Command-line options

  • -s [stack depth]: Specify the maximum depth to which rmutt will expand the grammar. This is usually used to prevent recursive grammars from crashing rmutt with stack overflows. Beyond the maximum stack depth, a rule will expand to an empty, zero-length string.
  • -r [random seed]: Specify a seed for the random number generator. Two runs against the same grammar with the same seed will generate identical output. If no seed is specified, a seed is generated using the current system clock.
  • -i [iteration]: A given rmutt grammar can generate n possible strings, where n is finite or infnite depending on whether or not the grammar is recursive. Specifying an iteration will generate the nth possible string. If the iteration specified (call it i) is greater than n, rmutt will generate the (i mod n)th iteration. Enumerating all possible strings of a grammar is usually only useful for very simple grammars; most grammars can produce more strings than can be enumerated with a C int.
  • -e [label]: To produce a string, rmutt must start with one of the rules in the grammar. Use this option to specify which one. By default, rmutt expands the first rule it finds in the grammar.
  • -d: Use dynamic variable scope. Deprecated; use the "$" qualifier instead.
  • -v: Print version and other information and exit.

Other Important Things

  • by default, rmutt invokes the first rule in its input. Think of this as the "entry point" for your grammar.
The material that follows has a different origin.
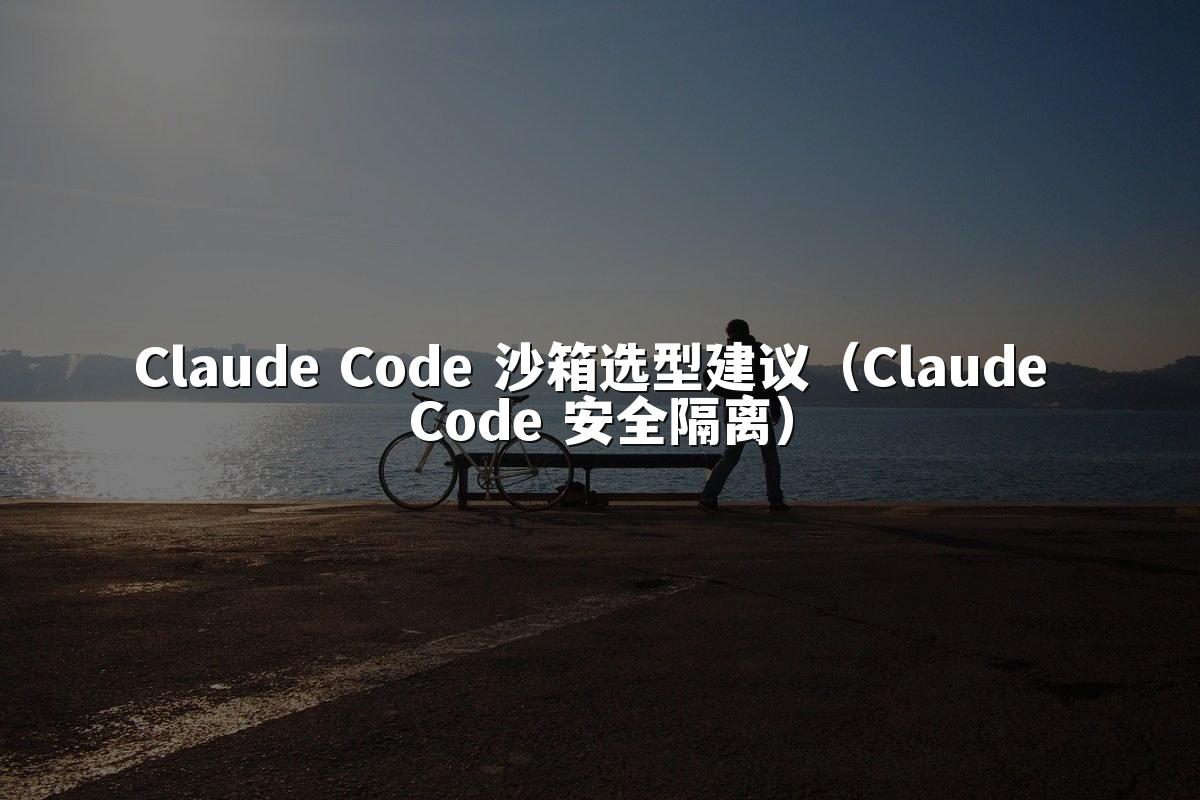 Claude Code 沙箱选型建议(Claude Code 安全隔离)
  • All top-level rules and package statements must end in a semicolon (;).

  • Line breaks are not significant; you may use them whenever is convenient.

  • rmutt cannot detect certain kinds of errors; in particular, if your grammar is endlessly recursive, like so:

deadly: embrace; embrace: deadly;

rmutt will run out of memory and silently fail as it tries to make an infinitely-long string. To mitigate this you can use the -s command line option, which sets a limit on the recursion depth. Past the limit, rules will simply fail to expand. For instance if the file "foo.rm" contained the following grammar:

foo: "yes" bar; bar: foo;

and you ran the following command:

rmutt -s 20 foo.rm

you'd get this output:

yesyesyesyesyesyesyesyesyesyes

  • Repetition can be combined with transformations, but the repetition qualifier must come last, like this:

aRule: "clam" > /m/mp/ {2,10};

not

aRule: "clam" {2,10} > /m/mp/;

if you want the repetition to be applied before the transformation, you need to enclose the term and repetition qualifier in parentheses:

aRule: ("clam"{2,10}) > /mc/m, c/ "!";

  • Comments can be included in rmutt grammars. If two slashes in a row ("//") occur anywhere on a line, the rest of the line is treated as a comment and ignored.

  • To include special chacters in literals, use the following notations:

Double quotes: "
Newline: \n
Tab: \t
Backslash: \

Curiosities

  • rmutt is Turing-complete. turing.rm is an implementation of a Turing machine in rmutt 2.3.